# Required action
For the material below, return exactly the lines starting at the line containing "jk制服外套一粒扣日本校服班服学生西服短款日系黑色西装上衣秋冬" and ending at the line containing "Made in USA", both ends included, and no others.

# Excerpted records
====
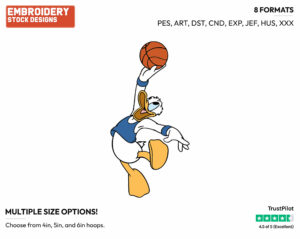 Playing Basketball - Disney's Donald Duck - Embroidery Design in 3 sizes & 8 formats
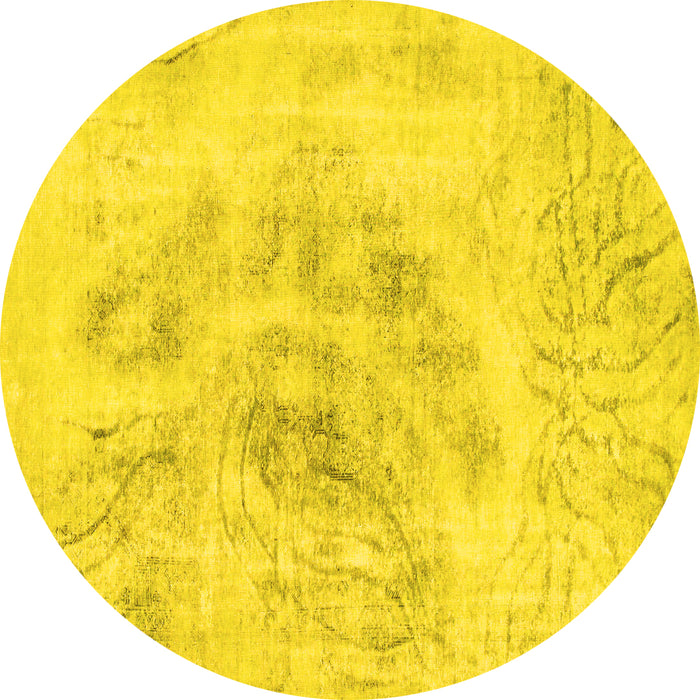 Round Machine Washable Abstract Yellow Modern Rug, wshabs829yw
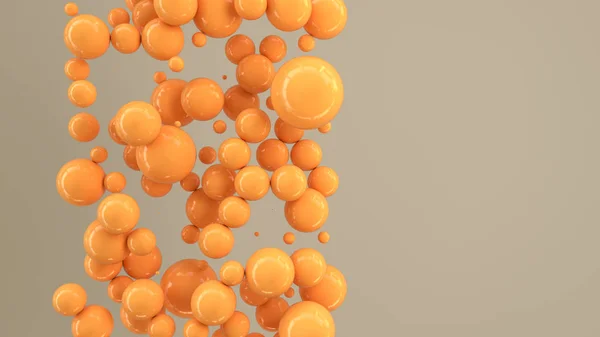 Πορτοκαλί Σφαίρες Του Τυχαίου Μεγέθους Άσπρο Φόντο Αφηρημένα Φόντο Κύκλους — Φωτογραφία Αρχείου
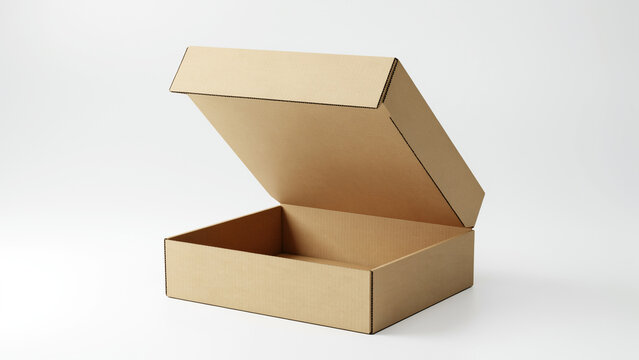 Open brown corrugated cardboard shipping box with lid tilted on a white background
====
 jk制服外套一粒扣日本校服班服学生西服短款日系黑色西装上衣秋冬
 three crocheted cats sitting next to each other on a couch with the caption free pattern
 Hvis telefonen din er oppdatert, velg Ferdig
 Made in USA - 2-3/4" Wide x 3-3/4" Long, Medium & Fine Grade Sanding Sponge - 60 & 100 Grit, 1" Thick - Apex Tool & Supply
====
# Exercise output
 jk制服外套一粒扣日本校服班服学生西服短款日系黑色西装上衣秋冬
 three crocheted cats sitting next to each other on a couch with the caption free pattern
 Hvis telefonen din er oppdatert, velg Ferdig
 Made in USA - 2-3/4" Wide x 3-3/4" Long, Medium & Fine Grade Sanding Sponge - 60 & 100 Grit, 1" Thick - Apex Tool & Supply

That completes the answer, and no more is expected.